TL;DR:
Dogecoin is being watched closely because, after a period of lateral consolidation, it appears ready for a parabolic movement, as confirmed by experts. Technical analysis suggests that selling pressure is exhausting in the face of growing demand.
Ali Martinez conducted a technical analysis highlighting that, on April 16, transaction volume was among the highest of the year. With a market capitalization leading the memecoin sector, whale accumulation suggests that the current support is solid.
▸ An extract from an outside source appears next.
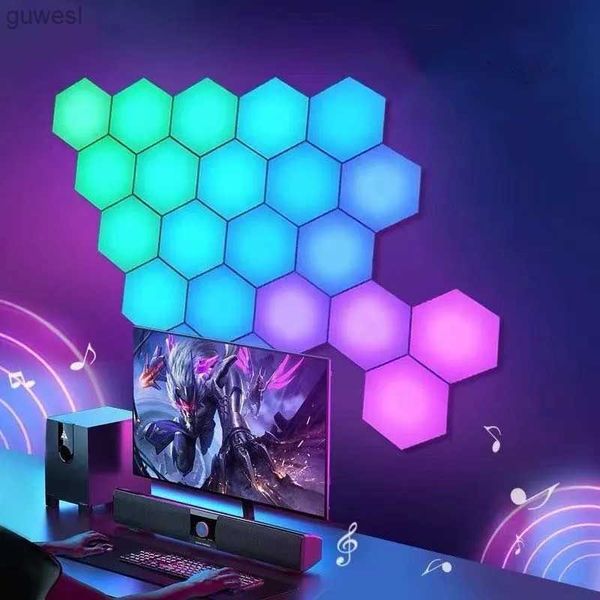 Luces nocturnas RGB luces hexagonales LED Bluetooth aplicación luz de pared inteligente TuYa WIFI ritmo luces nocturnas para juegos de computadora decoración del dormitorio YQ240112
Dogecoin $DOGE looks ready for a big move! pic.twitter.com/9UtJv02zmf
— Ali Charts (@alicharts) April 21, 2026
This behavior is framed within a horizontal channel where $0.10 represents the midpoint of control. Surpassing this mark with a sustained daily close would invalidate the short-term bearish trend that began in February.
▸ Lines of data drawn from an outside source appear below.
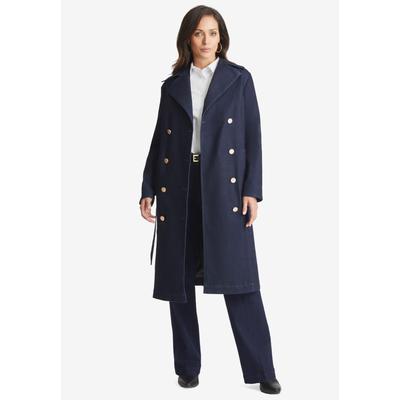 Plus Size Women's Refined Denim Trench Coat by Jessica London in Indigo (Size 18 W)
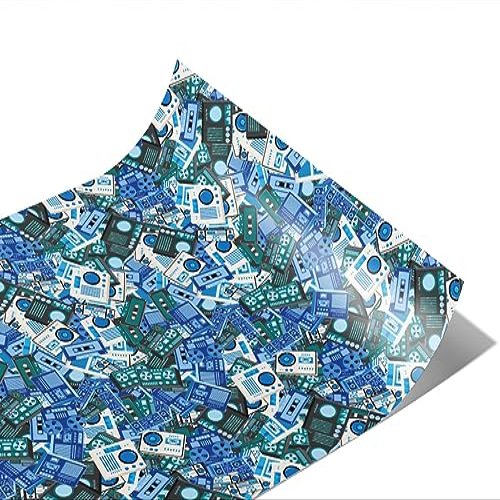 Rwraps Sticker Bomb Play The Blues Matte Vinyl Film Wrap 59in x 28ft Vinyl Vehicle Car Film Sheet Roll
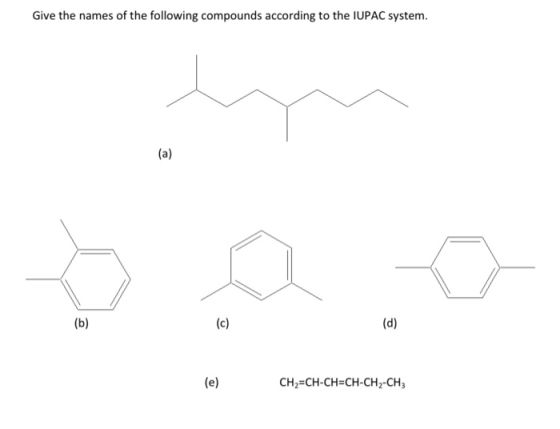 Give the names of the following compounds according to the IUPAC system. (a) (b) (c) (d) (e) CH2=CH-CH=CH-CH2-CH3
Observer Trader Tardigrade asserts that the current market structure shows a double “bullish divergence.” This occurs when technical indicators do not follow the price lows, evidencing seller exhaustion.
According to historical data, the current cycle shares similarities with the 2016-2017 period. Back then, a prolonged consolidation preceded a massive rally that drove the asset to reach new all-time highs.
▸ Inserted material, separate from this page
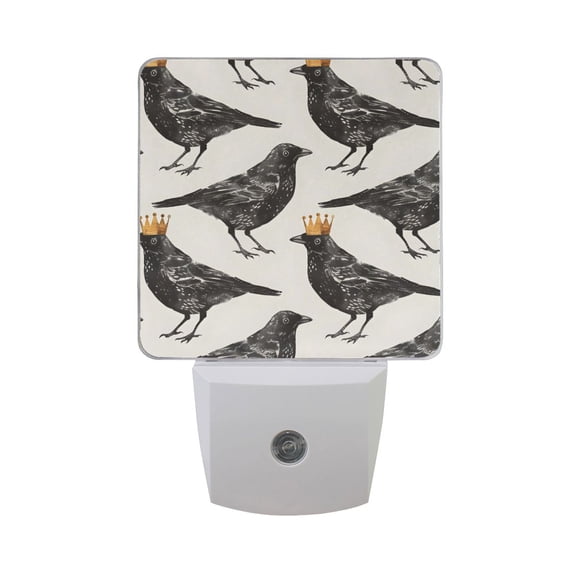 Blackbirds with Crown Night Light 2 Pack LED Nightlight Plug into Wall Dusk to Dawn Sensor Soft White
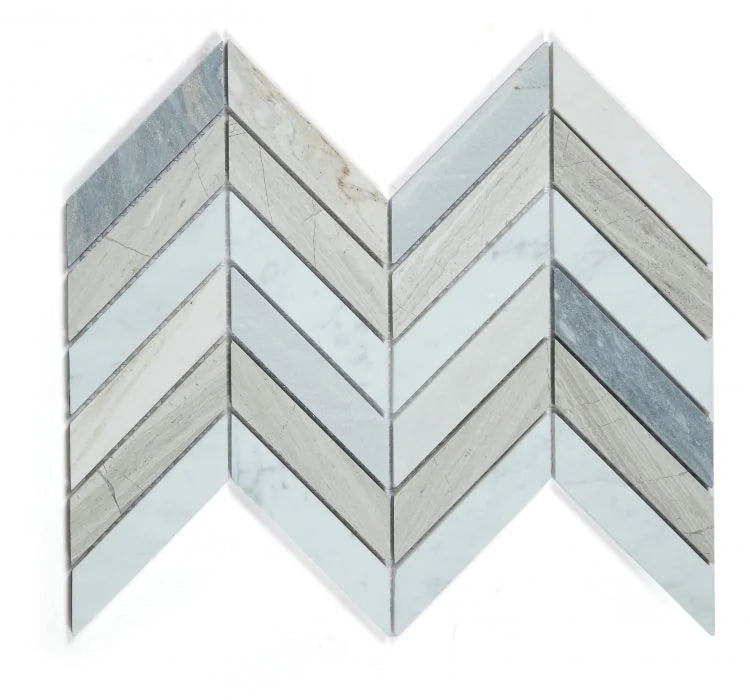 Chevron & Herringbone Blue 8x12 Chevron Marble Mosaic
For its part, Bitcoinsensus maintains that DOGE continues to operate within a large-scale multi-cycle structure. If history repeats itself, the current accumulation phase could be the prelude to an exponential double-digit appreciation.
Despite the optimism, the asset must face resistance at $0.12, a level not tested since mid-February. The influx of fresh volume will be the necessary catalyst to confirm if this “launchpad scenario” is definitive.
The combination of positive on-chain metrics and a historical chart pattern suggests that Dogecoin is in a high-sensitivity zone. The success of this breakout will depend on maintaining the interest of large holders.